• REQUIRED WORK: The lines to retype are the one with "Lou & Grey Sweatpants (view 2)" and all that follow it to the end of the entries below; copy them exactly and nothing else.

• EXERCISE MATERIALS:
>>>

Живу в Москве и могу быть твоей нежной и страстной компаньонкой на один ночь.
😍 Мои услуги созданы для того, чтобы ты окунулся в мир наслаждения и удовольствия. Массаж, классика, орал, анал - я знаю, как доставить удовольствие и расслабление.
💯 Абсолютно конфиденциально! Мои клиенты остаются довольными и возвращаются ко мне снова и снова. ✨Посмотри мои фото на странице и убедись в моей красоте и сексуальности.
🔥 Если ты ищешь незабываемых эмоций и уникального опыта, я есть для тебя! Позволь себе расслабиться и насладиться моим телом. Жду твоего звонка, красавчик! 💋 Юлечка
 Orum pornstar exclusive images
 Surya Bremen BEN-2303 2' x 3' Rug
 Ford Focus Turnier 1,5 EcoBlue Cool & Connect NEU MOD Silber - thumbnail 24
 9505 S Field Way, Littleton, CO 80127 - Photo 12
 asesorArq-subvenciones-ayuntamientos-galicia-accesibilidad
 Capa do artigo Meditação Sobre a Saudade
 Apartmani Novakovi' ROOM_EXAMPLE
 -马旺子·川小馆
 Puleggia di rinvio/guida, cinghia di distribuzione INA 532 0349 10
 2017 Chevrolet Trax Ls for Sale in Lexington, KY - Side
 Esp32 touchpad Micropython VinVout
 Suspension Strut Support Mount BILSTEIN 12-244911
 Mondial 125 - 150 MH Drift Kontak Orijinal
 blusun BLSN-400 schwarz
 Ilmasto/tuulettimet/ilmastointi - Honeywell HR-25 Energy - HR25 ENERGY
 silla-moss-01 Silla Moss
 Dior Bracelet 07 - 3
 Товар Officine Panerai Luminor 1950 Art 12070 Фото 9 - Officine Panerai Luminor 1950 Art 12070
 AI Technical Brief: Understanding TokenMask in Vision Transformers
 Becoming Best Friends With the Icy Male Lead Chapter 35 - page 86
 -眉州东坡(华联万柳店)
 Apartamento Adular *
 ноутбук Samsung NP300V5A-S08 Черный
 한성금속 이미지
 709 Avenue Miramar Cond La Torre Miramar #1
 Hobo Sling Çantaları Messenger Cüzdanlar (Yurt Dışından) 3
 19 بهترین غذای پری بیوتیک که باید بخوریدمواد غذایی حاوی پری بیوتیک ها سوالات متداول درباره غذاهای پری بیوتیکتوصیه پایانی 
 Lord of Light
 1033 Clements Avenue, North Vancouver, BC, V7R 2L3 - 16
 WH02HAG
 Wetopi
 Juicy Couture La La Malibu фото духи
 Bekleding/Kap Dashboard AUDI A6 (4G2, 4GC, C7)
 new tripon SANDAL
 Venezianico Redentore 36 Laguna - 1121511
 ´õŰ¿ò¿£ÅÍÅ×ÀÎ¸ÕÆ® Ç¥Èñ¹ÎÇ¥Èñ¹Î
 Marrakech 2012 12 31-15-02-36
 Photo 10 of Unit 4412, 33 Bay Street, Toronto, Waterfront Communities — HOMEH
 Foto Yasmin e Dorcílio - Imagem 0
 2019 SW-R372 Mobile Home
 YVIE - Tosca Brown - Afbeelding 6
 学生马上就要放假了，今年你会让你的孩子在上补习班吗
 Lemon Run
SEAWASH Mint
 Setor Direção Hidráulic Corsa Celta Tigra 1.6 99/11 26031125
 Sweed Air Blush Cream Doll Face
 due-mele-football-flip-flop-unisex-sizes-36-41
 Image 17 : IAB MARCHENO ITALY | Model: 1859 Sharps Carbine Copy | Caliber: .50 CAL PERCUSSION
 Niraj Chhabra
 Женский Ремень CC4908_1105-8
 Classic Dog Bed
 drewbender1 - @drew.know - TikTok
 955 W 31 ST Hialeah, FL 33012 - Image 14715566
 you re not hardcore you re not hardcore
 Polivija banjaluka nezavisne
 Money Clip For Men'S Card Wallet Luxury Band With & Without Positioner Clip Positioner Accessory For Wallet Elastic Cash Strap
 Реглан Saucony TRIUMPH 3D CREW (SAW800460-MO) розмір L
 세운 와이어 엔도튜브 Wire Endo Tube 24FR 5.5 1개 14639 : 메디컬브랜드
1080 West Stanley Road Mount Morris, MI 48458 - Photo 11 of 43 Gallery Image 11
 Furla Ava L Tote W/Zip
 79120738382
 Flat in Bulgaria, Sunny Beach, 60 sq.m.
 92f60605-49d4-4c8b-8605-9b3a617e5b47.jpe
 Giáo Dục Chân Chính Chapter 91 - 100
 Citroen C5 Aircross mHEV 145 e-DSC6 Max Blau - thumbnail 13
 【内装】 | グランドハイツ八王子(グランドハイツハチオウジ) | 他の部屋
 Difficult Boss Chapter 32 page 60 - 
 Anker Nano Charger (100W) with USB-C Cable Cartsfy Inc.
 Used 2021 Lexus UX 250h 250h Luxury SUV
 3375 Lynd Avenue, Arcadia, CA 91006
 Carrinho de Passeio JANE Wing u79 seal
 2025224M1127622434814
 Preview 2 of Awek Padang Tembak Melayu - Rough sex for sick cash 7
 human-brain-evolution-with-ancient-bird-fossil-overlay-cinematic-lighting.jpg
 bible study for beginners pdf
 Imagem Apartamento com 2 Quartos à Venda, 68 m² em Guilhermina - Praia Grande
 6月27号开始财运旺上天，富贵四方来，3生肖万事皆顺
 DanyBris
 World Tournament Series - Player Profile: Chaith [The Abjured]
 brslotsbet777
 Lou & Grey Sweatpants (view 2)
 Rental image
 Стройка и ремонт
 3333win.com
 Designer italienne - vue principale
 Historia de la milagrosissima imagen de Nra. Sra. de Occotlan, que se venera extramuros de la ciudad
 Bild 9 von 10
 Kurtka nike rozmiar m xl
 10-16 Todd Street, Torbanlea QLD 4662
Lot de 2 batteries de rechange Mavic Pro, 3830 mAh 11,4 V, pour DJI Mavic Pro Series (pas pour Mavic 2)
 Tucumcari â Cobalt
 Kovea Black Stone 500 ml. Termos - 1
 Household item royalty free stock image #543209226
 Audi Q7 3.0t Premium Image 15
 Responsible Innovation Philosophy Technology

<<<

• SOLUTION:
 Lou & Grey Sweatpants (view 2)
 Rental image
 Стройка и ремонт
 3333win.com
 Designer italienne - vue principale
 Historia de la milagrosissima imagen de Nra. Sra. de Occotlan, que se venera extramuros de la ciudad
 Bild 9 von 10
 Kurtka nike rozmiar m xl
 10-16 Todd Street, Torbanlea QLD 4662
Lot de 2 batteries de rechange Mavic Pro, 3830 mAh 11,4 V, pour DJI Mavic Pro Series (pas pour Mavic 2)
 Tucumcari â Cobalt
 Kovea Black Stone 500 ml. Termos - 1
 Household item royalty free stock image #543209226
 Audi Q7 3.0t Premium Image 15
 Responsible Innovation Philosophy Technology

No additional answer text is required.